EXERCISE DETAILS
Copy out exactly the stretch below, from the line with "Spel Lug hockey-beker aanlyn" through the line with "BMW X5 IV (G05/G18) 30i 2.0, 2023 Бишкек", both included; the pictures stay out.

RECORDS TO USE
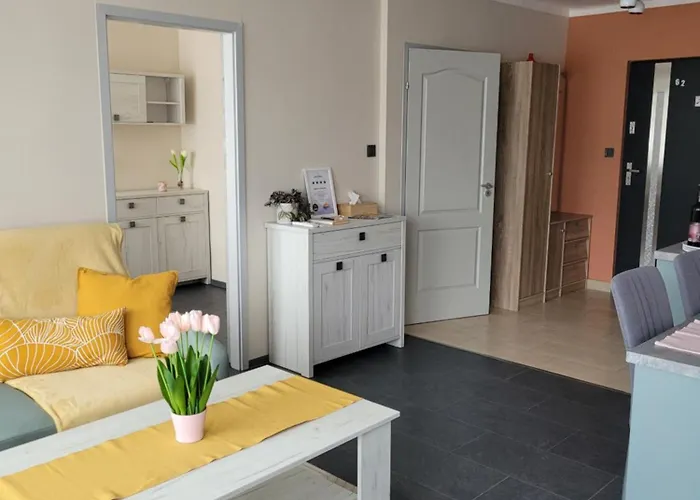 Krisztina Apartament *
---
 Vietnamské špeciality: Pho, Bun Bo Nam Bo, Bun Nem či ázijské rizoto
* * *
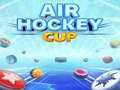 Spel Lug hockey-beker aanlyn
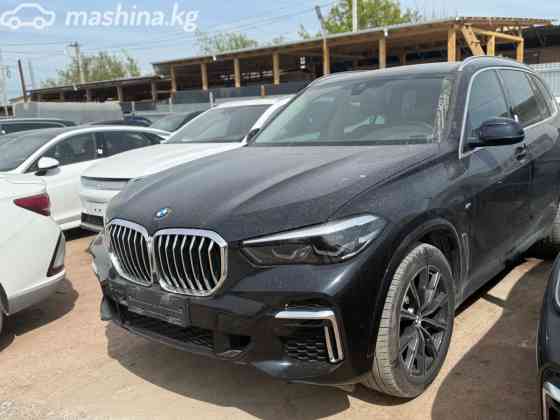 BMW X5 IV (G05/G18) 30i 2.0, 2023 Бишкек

EXERCISE OUTPUT
 Spel Lug hockey-beker aanlyn
 BMW X5 IV (G05/G18) 30i 2.0, 2023 Бишкек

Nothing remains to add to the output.